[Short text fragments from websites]
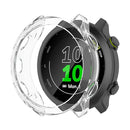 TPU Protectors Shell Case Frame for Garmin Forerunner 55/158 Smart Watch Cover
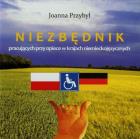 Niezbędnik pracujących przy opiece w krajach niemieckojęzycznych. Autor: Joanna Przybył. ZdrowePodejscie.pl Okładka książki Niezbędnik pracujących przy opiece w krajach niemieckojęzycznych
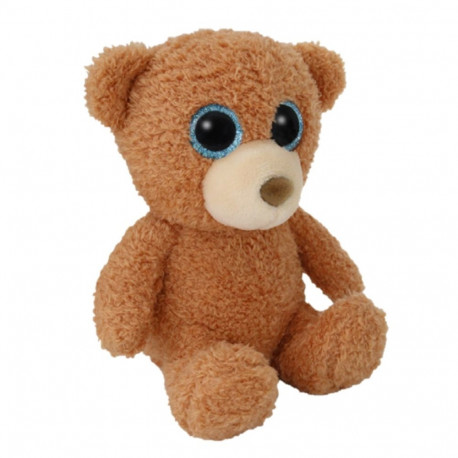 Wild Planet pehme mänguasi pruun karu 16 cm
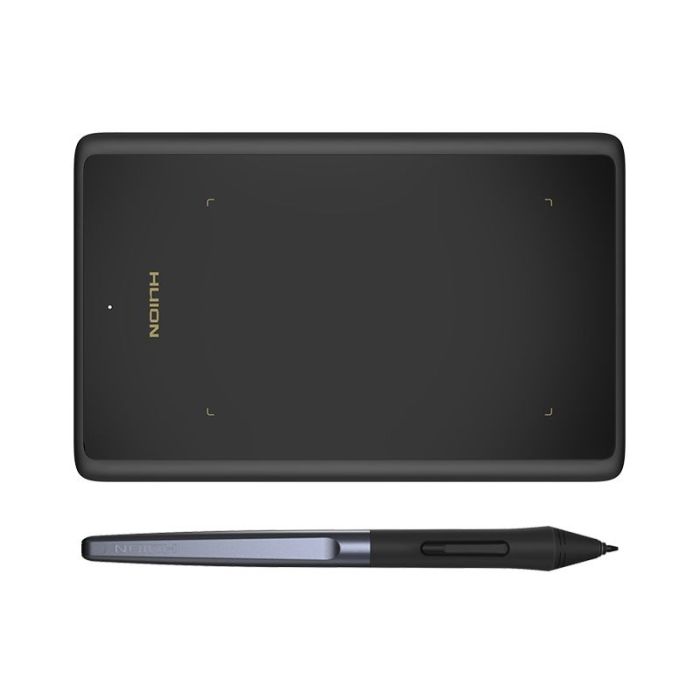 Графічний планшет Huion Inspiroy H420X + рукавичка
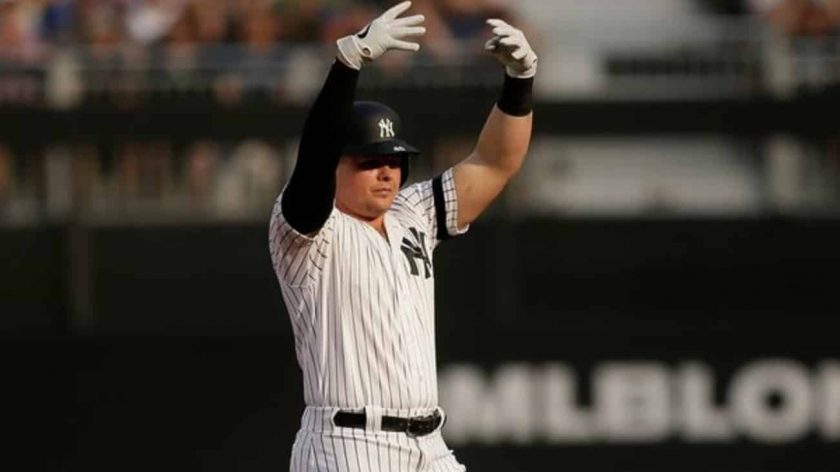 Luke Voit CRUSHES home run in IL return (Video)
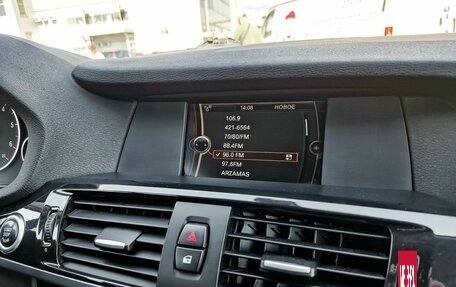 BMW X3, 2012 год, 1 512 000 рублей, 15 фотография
...
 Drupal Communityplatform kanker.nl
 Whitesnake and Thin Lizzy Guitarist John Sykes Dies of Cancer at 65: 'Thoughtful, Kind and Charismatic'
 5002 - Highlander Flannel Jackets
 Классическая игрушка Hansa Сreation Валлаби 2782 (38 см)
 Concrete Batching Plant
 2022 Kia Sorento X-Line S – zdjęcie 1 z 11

*What you have to do*. Would you print, exactly as written, every line above from the one holding "5002 - Highlander Flannel Jackets" through the one holding "2022 Kia Sorento X-Line S – zdjęcie 1 z 11", with both included and no other lines?

*Your response*.
 5002 - Highlander Flannel Jackets
 Классическая игрушка Hansa Сreation Валлаби 2782 (38 см)
 Concrete Batching Plant
 2022 Kia Sorento X-Line S – zdjęcie 1 z 11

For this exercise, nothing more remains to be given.